LECCO – È attraverso la storia dell’umanità che rivediamo la storia della nostra lingua. L’italiano ha nel tempo seguito le vicissitudini degli italiani: l’evoluzione della lingua, l’ibridazione con il dialetto, la lingua nazionale nel 1861 con l’Unità nazionale e poi consolidata con le due guerre mondiali e la contaminazione delle lingue straniere e del linguaggio informatico ai giorni nostri.
Spesso alcune locuzioni vengono riportate, non tanto per conoscenza personale, quanto per inerzia linguistica e ciò talvolta sfocia nella ridicolizzazione dell’espressione, dovuta a strafalcioni letterari.
1 – Tanto va la gatta al largo che ci lascia lo zampino.
La micia in questione, partita per mare in cerca di una nuova vita, è vittima di un terribile incidente: un iceberg dirotta la nave, la quale inizia lentamente a sprofondare.
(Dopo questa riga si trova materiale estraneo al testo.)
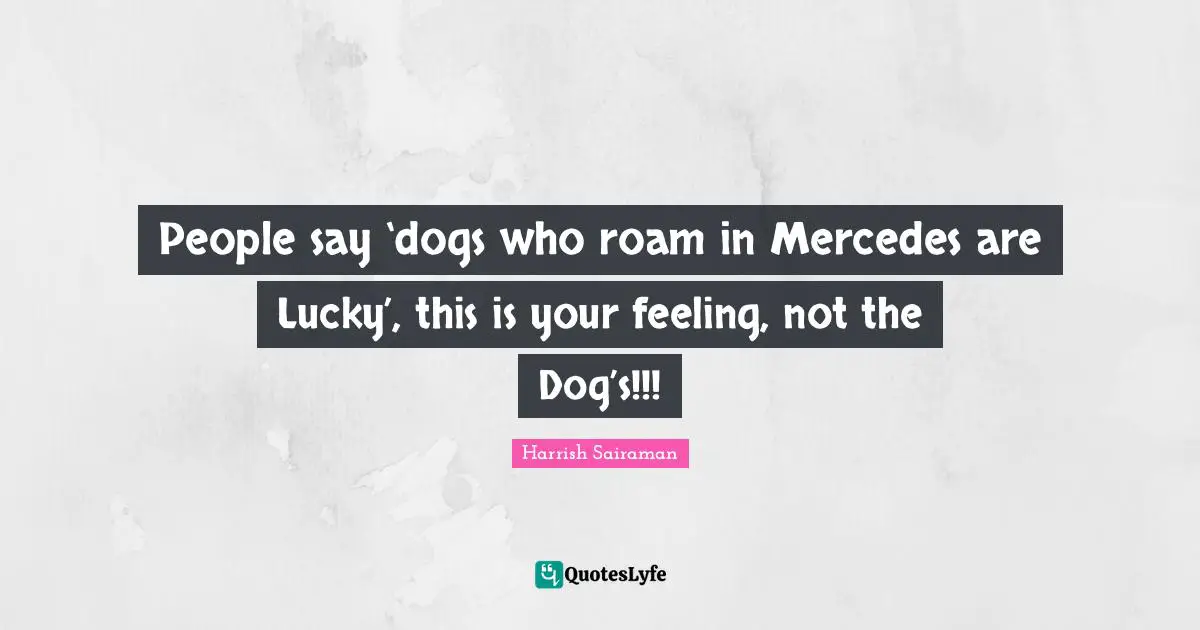 People say ‘dogs who roam in Mercedes are Lucky’, this is your feeling, not the Dog’s!!!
Fortunatamente un baldo gattino, dalla chioma leonina, la porta in salvo, trasportandola su una piccola lettiera. Il giovine non riesce a restare appigliato alla piccola zattera home-made e precipita nelle gelide acque. La protagonista tenta invano di salvare il naufrago amico, afferandolo con la sua zampina e rimettendoci amore e manicure…
Fortunatamente il Di Caprio felide è salvo, in quanto la vera storia della micetta citata dal proverbio “Tanto va la gatta al lardo che ci lascia lo zampino“, si rifà all’abitudine del felino di accaparrarsi, di nascosto, il cibo proveniente dal tagliere, rimettendoci ahimè la zampina.
Il significato di tale proverbio rimanda alla pericolosità del compiere azioni proibite.